This meal is quick and easy. If you want to change up your taco night, here’s a way! Substitute the taco shells with zucchini boats. This recipe is interchangeable so you can enjoy it vegan, vegetarian, or carnivorous. It is also gluten-free.
- Taco meat (your choice of vegan or meat)
- Sour cream
- Shallots (any onion will do)
- Black beans
- Goat cheese (optional)
- Cholula hot sauce
- Cumin, garlic powder, paprika, salt, pepper
Wash produce. Heat oven to 400 degrees. Line a cookie sheet with foil or (if you don’t bake with foil) use whatever favorite baking dish you prefer. Cut the ends off of the zucchini and then slice down the middle. Take a spoon and spoon out the middle/seeds to make room for the taco meat. Drizzle avocado oil onto baking dish and place the zucchini onto the dish. Sprinkle cumin, garlic powder, salt, and pepper. Bake for 10 minutes, flip, and bake for 5-8 more minutes.

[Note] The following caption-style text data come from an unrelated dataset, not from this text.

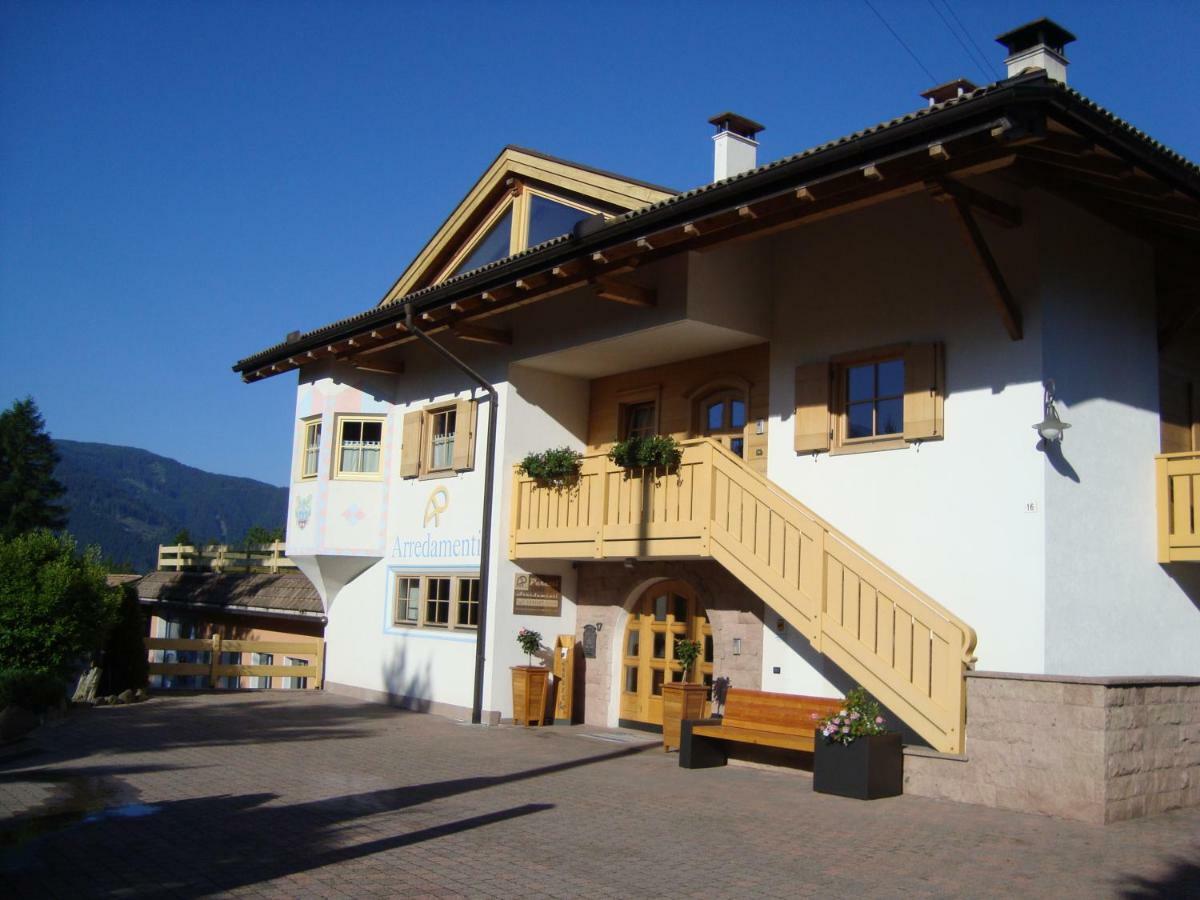 Fiemme Deluxe Apartment Castello-Molina di Fiemme Eksteriør billede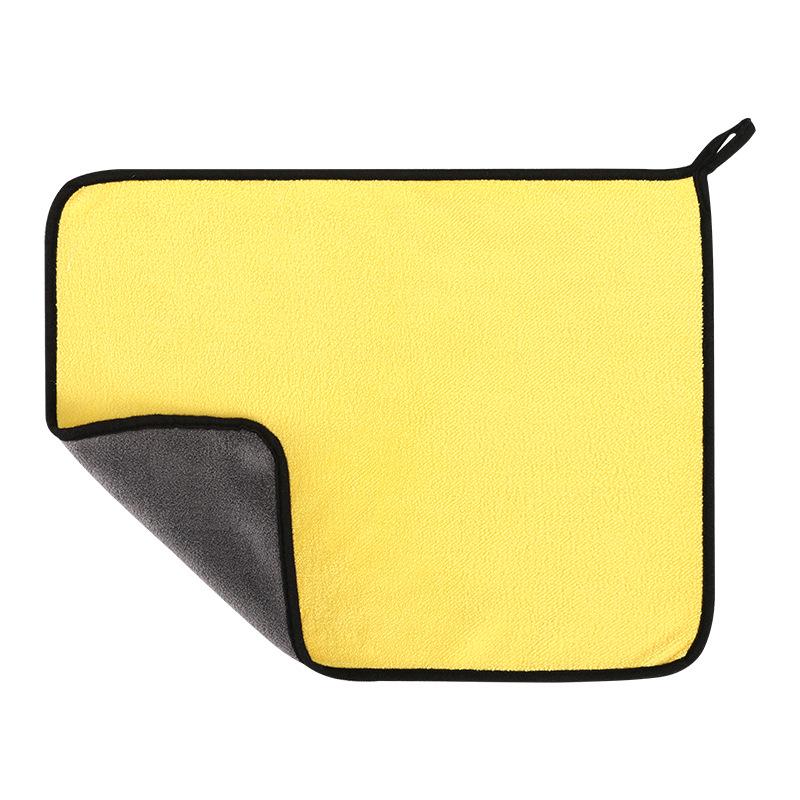 Lint-Free, Highly Absorbent Cleaning Rags for Housekeeping & Hand Towels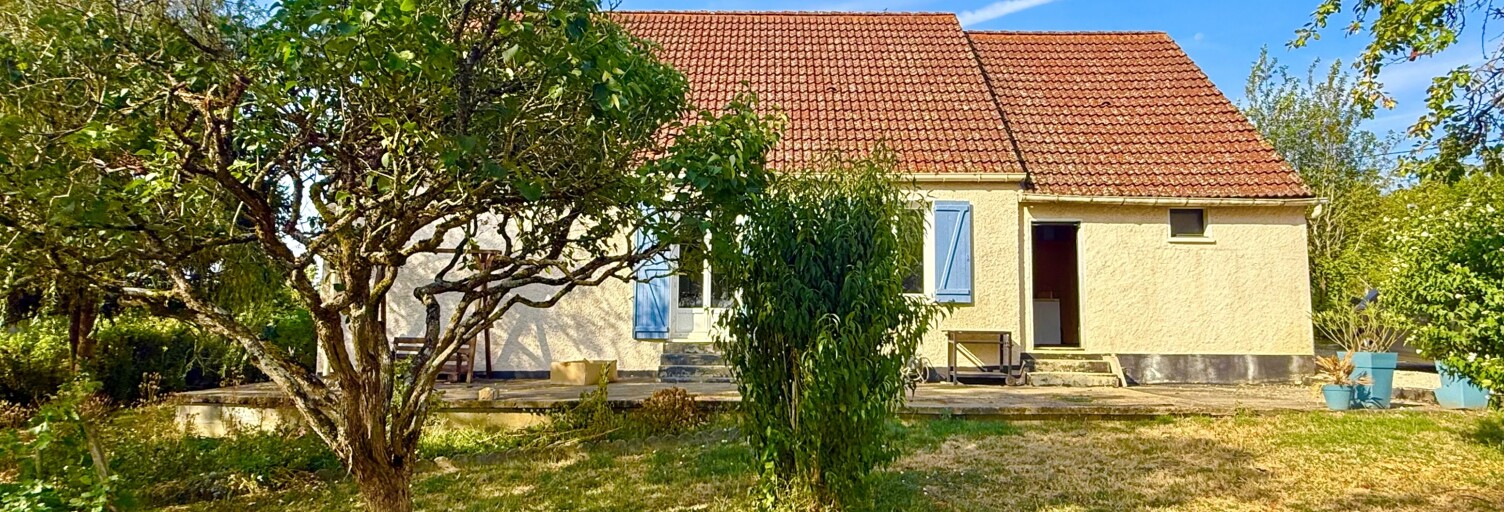 Maison 4 Pièces 85 m² à vendre à Saint-Andelain (58150)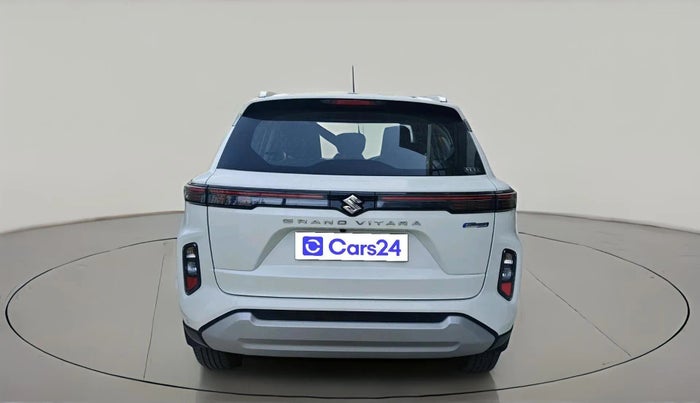 2025 Maruti Grand Vitara DELTA SMART HYBRID, Petrol, Manual, 10,931 km, exterior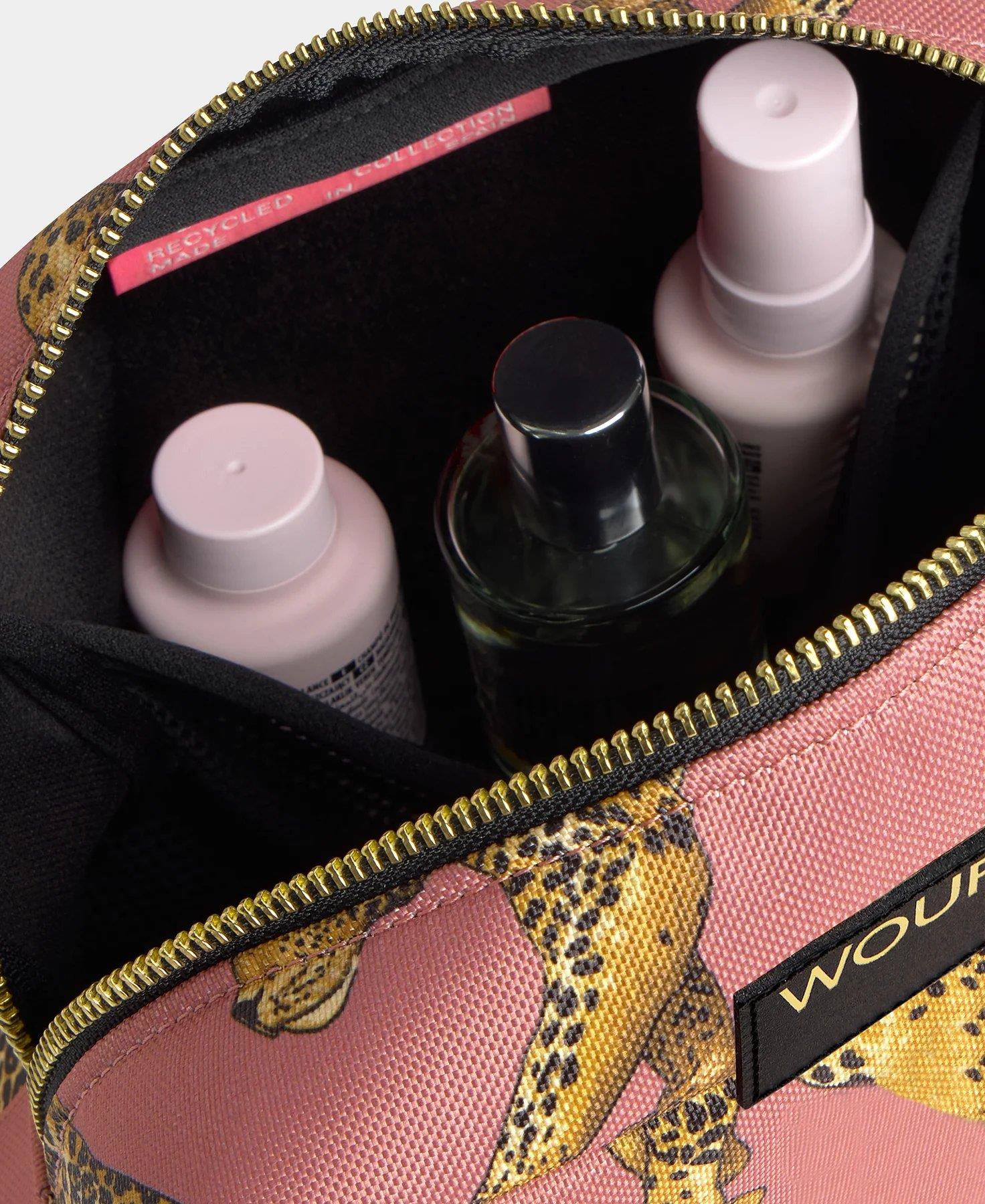 Wouf Makyaj Çantası Toiletry Blush Leopard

While baking zucchini, cook taco meat. For vegan option, I use Gardein meatless crumbles. This can work with whatever your taco meat preference is. Season with cumin, garlic, paprika, salt & pepper. To add spice, drizzle a little (or a lot of) Cholula.

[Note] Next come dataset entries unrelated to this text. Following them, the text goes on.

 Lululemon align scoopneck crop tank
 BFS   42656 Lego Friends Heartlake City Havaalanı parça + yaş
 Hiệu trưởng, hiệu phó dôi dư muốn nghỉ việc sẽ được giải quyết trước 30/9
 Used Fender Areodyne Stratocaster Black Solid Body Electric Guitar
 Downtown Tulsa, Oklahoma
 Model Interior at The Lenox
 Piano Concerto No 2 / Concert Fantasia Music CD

In a separate bowl, dice then add fresh tomatoes, cilantro, lime juice, and shallots (or scallions), salt and pepper. (Pico de gallo)
Use tongs to remove zucchini from the pan to the plate. Top and fill zucchini boats with taco meat. Top with sour cream and fresh pico de gallo.
For a side, I prefer black beans slowly simmered with garlic powder and cumin (green chilies if you like some heat). Top with goat cheese (optional). Serve with sliced avocado.